Zu weiß, zu männlich, zu alt geht es oftmals noch in vielen Unternehmen zu. Zwar gebe es auch in Deutschland eine Bewegung hin zu mehr Diversität, diese stehe zum einen aber noch am Anfang, zum anderen fuße sie vor allem auf einer gesellschaftspolitischen Grundlage. „Man merkt, dass sich die Unternehmen mit dem Thema vor allem aufgrund von politischem Druck beschäftigen – also zum Beispiel aufgrund von Quotenregelungen mehr Frauen in Führungspositionen einsetzen.“Auch sei das Thema in den sozialen Medien immer präsenter und erreiche damit letztlich auch die Unternehmen. Das sei richtig und wichtig, findet Onaran. Ihr geht es aber darum, dass sich Unternehmen auch aus ökonomischen Gründen dem Thema vermehrt widmen sollten.
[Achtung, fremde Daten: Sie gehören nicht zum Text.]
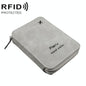 Rfid-blocking Travel Document Pouch - Gray White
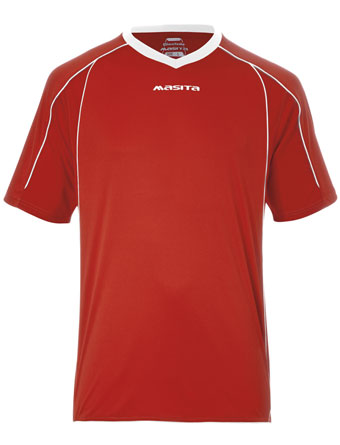 Masita Striker Ss T-Shirt Red/White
Zum einen: Wenn ein Team verschiedene Kulturen, Geschlechter und Altersgruppen vereine, orientiere es sich bei der Produktentwicklung auch verstärkt an einer vielfältigen Zielgruppe. Unternehmerische Fehlleistungen, wie der genannte Seifenspender, seien dann eher ausgeschlossen. Zum anderen: „Es ist durchaus so, dass Teams, die diverser besetzt sind, auf innovativere Lösungen kommen und damit innovativere Produkte erschaffen. Dadurch steigt natürlich auch die Wahrscheinlichkeit,
dass die Produkte stärker verkauft werden“, sagt Onaran.
Eine Studie der Unternehmensberatung McKinsey vom Mai 2020, bei der 1000 Unternehmen in 15 Ländern analysiert wurden, besagt, dass es bei Unternehmen mit hoher Gender-Diversität um 25 Prozent wahrscheinlicher sei, dass sie überdurchschnittlich profitabel sind. Betrachtet man laut McKinsey den Faktor der ethnischen Diversität, liegt der Wert sogar bei 36 Prozent. Vielfalt habe damit auch ganz klar einen finanziellen Wert, betont Onaran.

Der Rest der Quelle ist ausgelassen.